Stripe CTF 3.0 Recap

I recently took whatever free time I had, and a couple of very late nights to play around with the problems in the Stripe CTF 3.0 challenge. I was hoping to receive a coveted t-shirt, but I in fact, won’t since I didn’t complete Level 3, let alone Level 4. The levels were quite interesting, and definitely challenging.

The setup for the challenges was all git based and worked very well, though I’m sure Stripe’s operations engineers were on call the entire time to ensure this was the case. Submissions were done via a git push, and a test harness was provided to ensure that you produced correct results, and typically provided some measure against their naive implementation.

Level 0: “Spell Checker”

Level 0 was a simple optimization problem. The 10 lines of mysterious code ran in time linearly proportional to the input sizes. The goal was to ensure that despite the input sizes, the time to run was always the same, and of course acted as a tutorial to ensure you understood how the submission and testing process worked.

After looking at the “mysterious” code, it was obvious that it implemented a basic spell checker based on whether or not a word was contained in a dictionary. Further investigation showed that the test to see if the word was “spelled” correctly did a linear scan of the list of “valid” words.

This was written in Ruby, a language that I am not very versed in. I was able to fumble around a bit and make some changes which didn’t amount to much, before I realized exactly what was happening. After that, the challenge was solved by using a Set.

This alone didn’t net me a high score, so I’m guessing that some people rewrote the program in another language, or know some crazy Ruby optimizations to squeeze every last cycle imaginable out of it.

Level 1: Gitcoin mining

With success in Level 0 after a half hour or so, the Gitcoin challenge seemed like it was going to be orders of magnitude harder. The idea of the Gitcoin challenge? Generate a commit whose hex encoded SHA1 hash is lexographically less than some difficulty factor–similar to the difficulty factor of Bitcoin. There was also a race involved. You passed this challenge by pushing your changes and mining a gitcoin before Stripe’s bot did.

The script that Stripe included in the challenge worked, but was incredibly slow, since it forked off a git process for every hash it tried to compute. The obvious plan of attack was to write a program that could compute compatible SHA1s given a generated string representing a commit object. This was fairly easy to pull out of the shell script, but something tiny held me up until I went to sleep deep into the night.

In the morning, I started investigating what git hash-object actually does, by looking at unzipped commit objects in a git repo.

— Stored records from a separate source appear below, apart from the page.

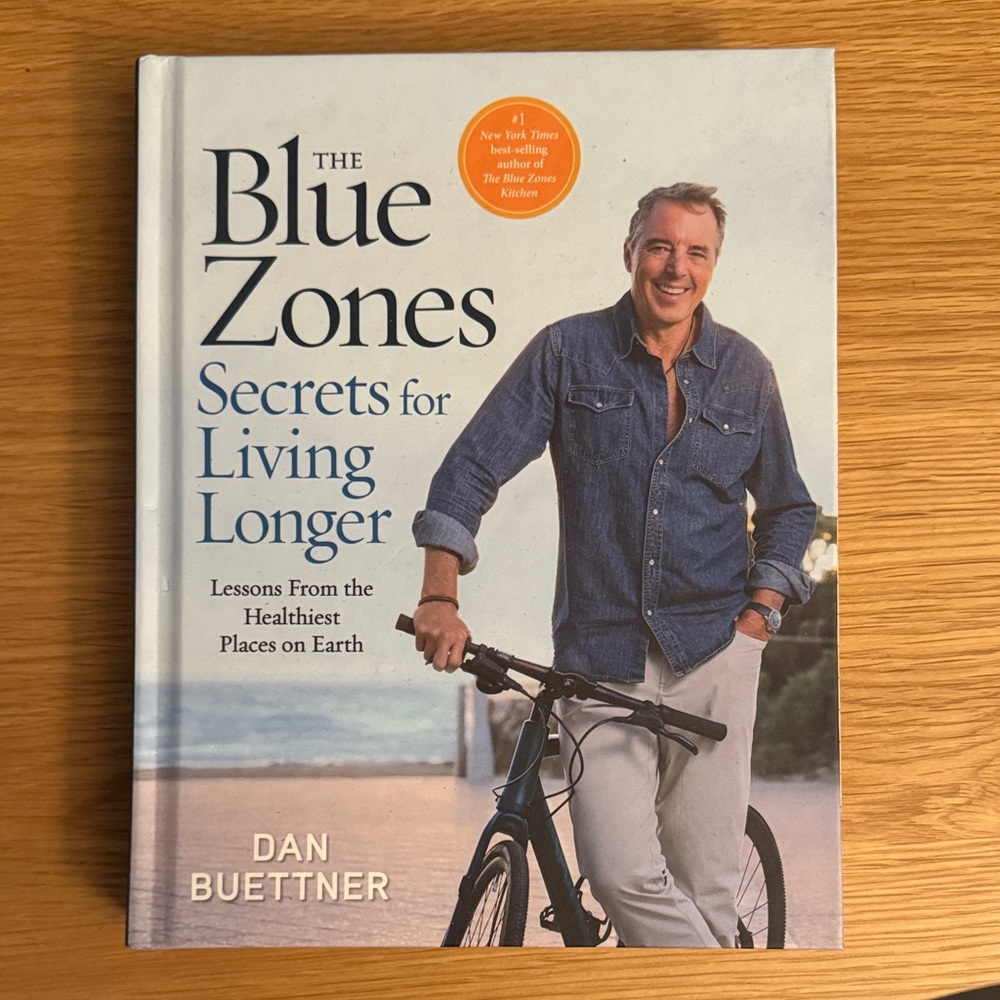 National Geographic Blue Zones- Dan Buettner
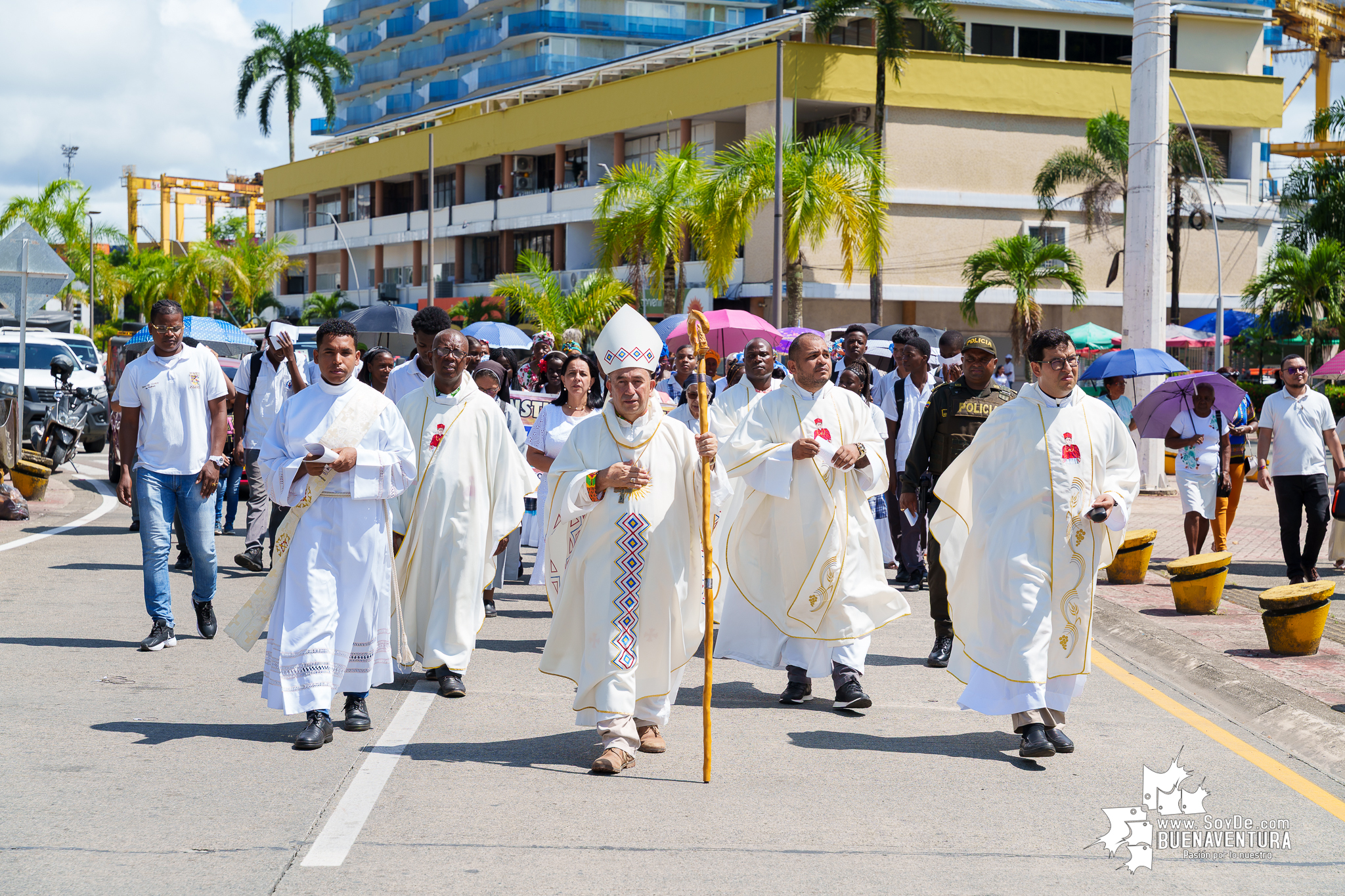 Buenaventura conmemoró el Día de la Afrocolombianidad con acto cultural en la Catedral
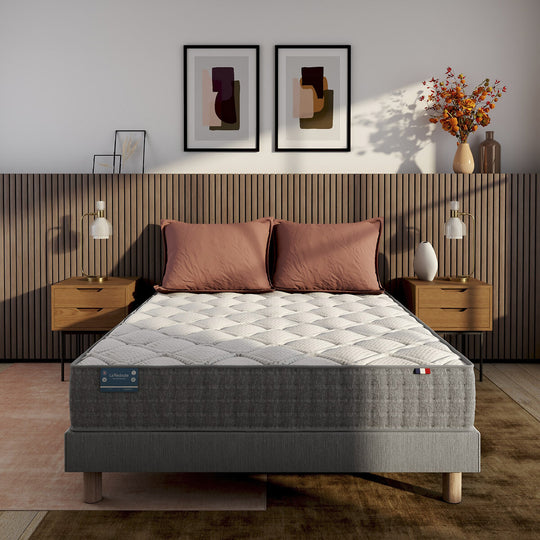 Matelas Latex La Redoute Interieurs, Ferme 19cm 160x200cm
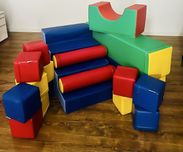 Klocki piankowe megaklocki rehabilitacyjne
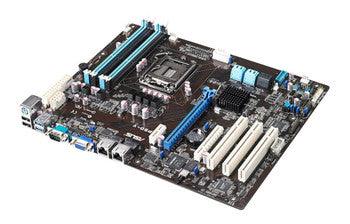 ASUS - MB-P9D-V - P9D-V Socket LGA1150 Intel C224 Chipset Xeon E3-1200 v3 Processors Support ATX Motherboard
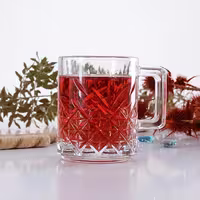ماگ چای خوری سایز 25 پاشاباغچه مدل تایملس کد 55462 بسته 6 عددی ارسال رایگان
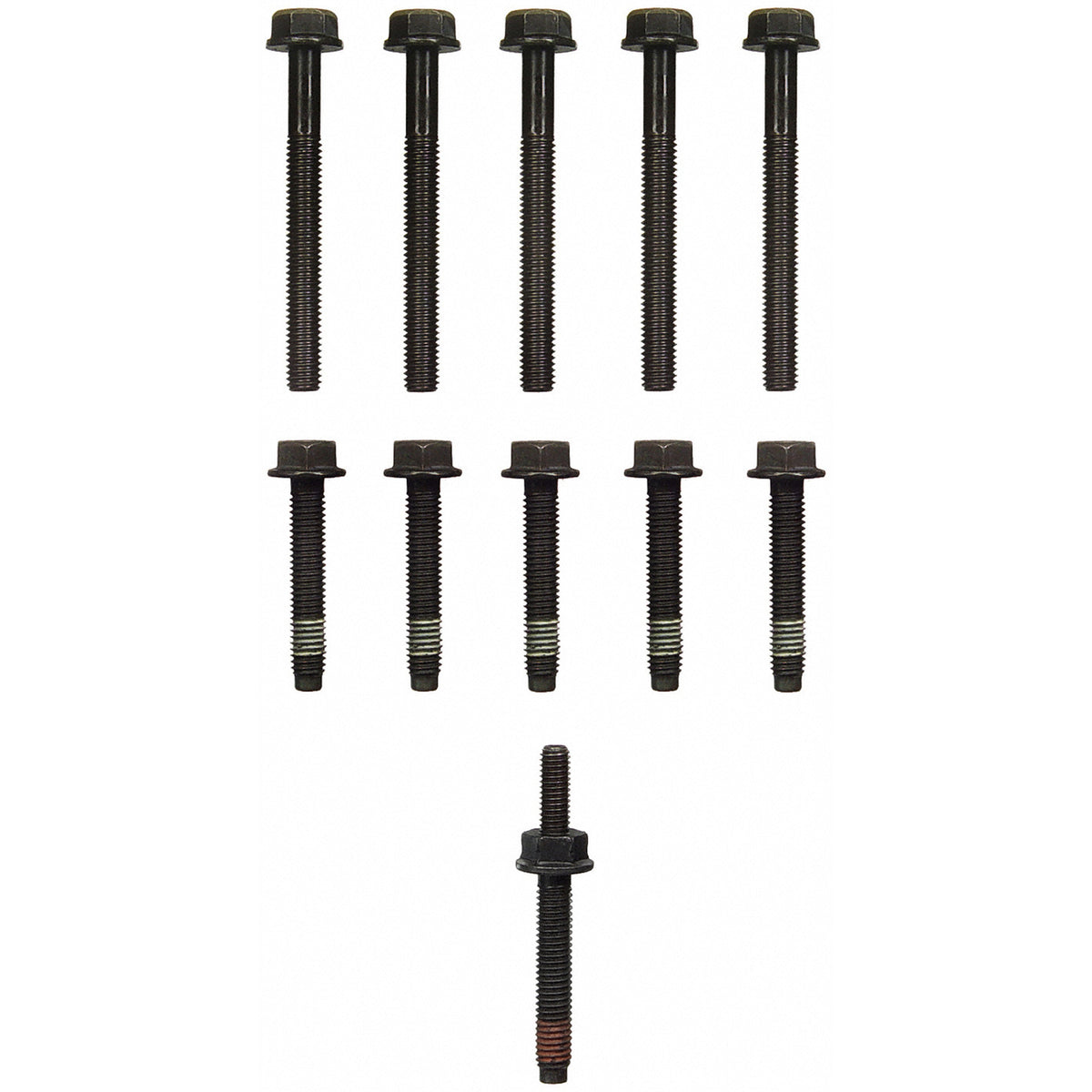Fel-Pro Ford F-150 ES 72155 Engine Cylinder Head Bolt Set - ES72155 for 1992-1996 Ford F-150 - front view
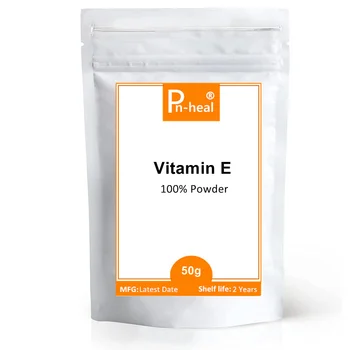  Поставка Супер-порошка витамина Е, добавок с токоферолом, восстанавливающей сыворотки против морщин, пятнистых угрей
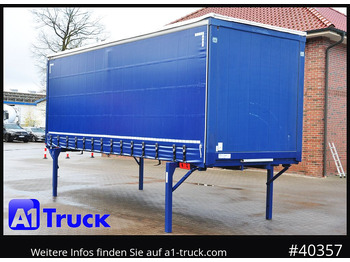 Αμάξωμα με συρρόμενο μουσαμά KRONE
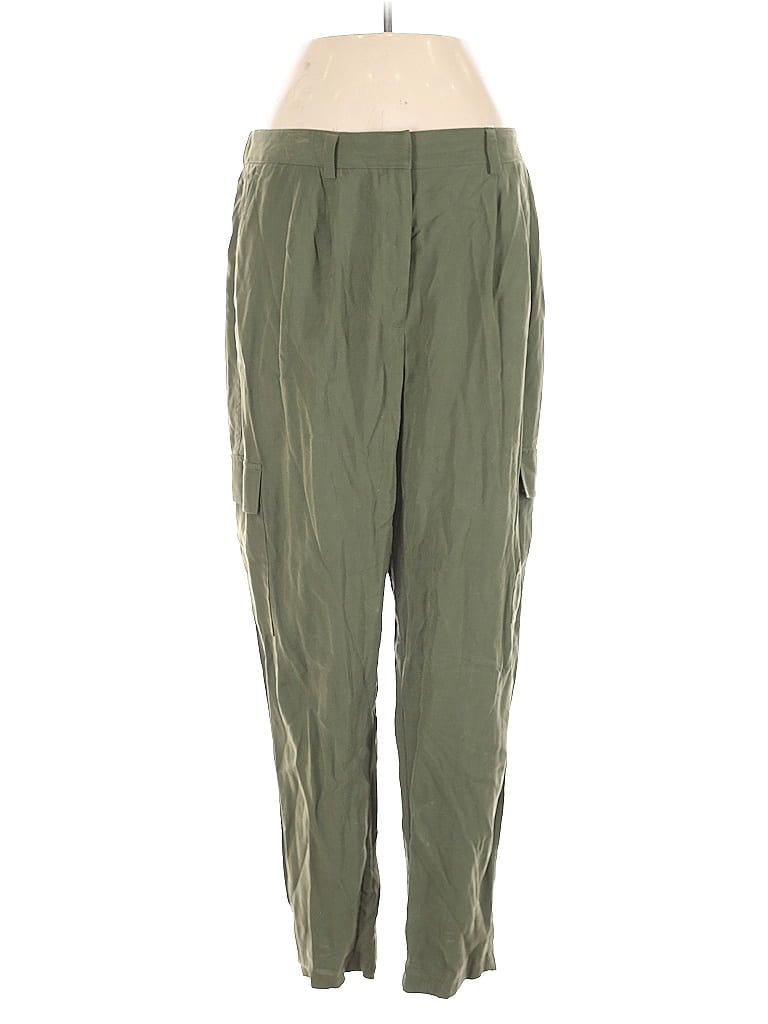 Pre-owned Nine West Casual Pants In Green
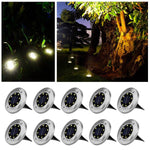 LumiGarden - Cordless Solar LED Outdoor Lights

The trick that I discovered? Before hashing the object, git prepends [type of object] [size in bytes]\0. Once I figured this out, my multithreaded, java based “miner” beat the bot 30 seconds after the git push. Total lines of code written? About 100 –probably about half of it is debug related.

Level 2: Web Shield

When I picked back up, I was presented with a Level 2, which simulated a denial of service on an HTTP service. The task was to build a proxy that would block malicious traffic and let through as much legitimate traffic as possible.

I tried a bunch of approaches here, starting with the basic “flip a coin” approach to understand the code and how it all was put together. It was a node.js app, which is something that I’ve used quite a bit in the past, so it wasn’t troublesome for me to get started.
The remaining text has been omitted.